In order to understand how this work, I setup a honeypot page and built up some likes, after some time I started receiving messages such as
“Are you interested in posting articles on your page?” with prices ranging from 5 to 100 dollars per item. Bingo!

Note: All the profiles used to send those private messages used names that did not seem to bear any correlation to the profile picture.

First contact 👽

All messages to the page used the following scheme, where they assured all is “legit” and according to the “Facebook policy”. They even claim to support multiple payment options. My first guess was, that they want to be added as a page admin or similar — turns out I am wrong.

“okay dear”

“There will be no access to us” — Now I am interested and kept asking.
Turns out you are supposed to accept the “Facebook invitation”.

Even a video tutorial is included, this seems to be a pretty streamlined process . .

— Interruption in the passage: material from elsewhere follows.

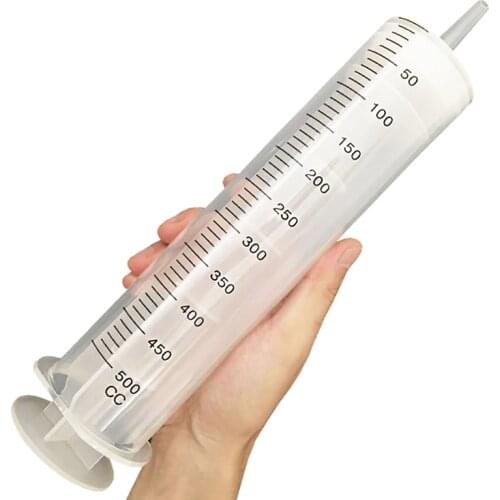 Syringe 500 ml Large Capacity Syringe Reusable Pump Measuring With 1m Tube Feeding Ink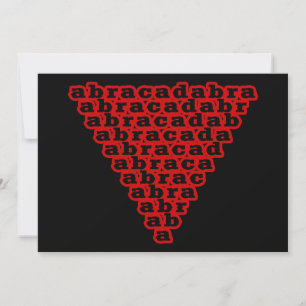 Klassisk Vintage-Etsning Abracadabra Konst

I never did call that number

A few minutes later I received the following email in my mailbox,

Until now it seems pretty legit, right?

After clicking on that link one is prompted to choose a username, then verify with Facebook. Please note this was not phishing but an actual Facebook Business website. All of the ticks under the password box do not seem to give “Article Beta V17.2” any access it shouldn’t, right?

After sending “proof” I was assured no posts would be made before the first payment.

Easy money 👍

When clicking around in the Facebook Business Manager, I saw that a new administrator was added:

Additionally, under “Assigned Assets” all access was grayed out:

Uh-Oh

Turns out, accepting this invitation sets the page owner to said “Article Beta” application — a page owner being outranking page admins.

Well . . . there it goes

What is perfidious about the whole thing, that Facebook never shows any notice on that a page owner will be set by accepting the link — nor gives you any possibility to reverse this action or even contact them about this problem.

When going back to the Facebook page itself, a new admin appeared shortly:

Checking his profile, our “hacker” from Pakistan seems to have a very … interesting taste in music:

That new admin did not last for long, it seems Shahzaib uses fake profiles (obviously female) to trick people into adding the seemingly harmless “Instant Posts” app to Facebook Business, then with the new access adds himself as Page Admin.

Shortly after the page is transferred to the presumed buyers, while the original admins are denoted to “Analyst”, including two new members.

“Hacked Pages Recovery Solution”

There are links pointing to a Facebook page called “Hacked Pages Recovery Solution” which is supposed to bring back your page,

This service is not performed for free however,

interesting pricing, costs less if you are female

Turns out there actually is a way to contact Facebook, but I have not figured out how yet,

This whole service makes me wonder, if this is actually part of the whole scam.

Conclusions

This whole scam seems to happen quite a lot, with people paying the scammers to receive admin privileges to pages. For what purpose I cannot tell. The posts made are from random pages.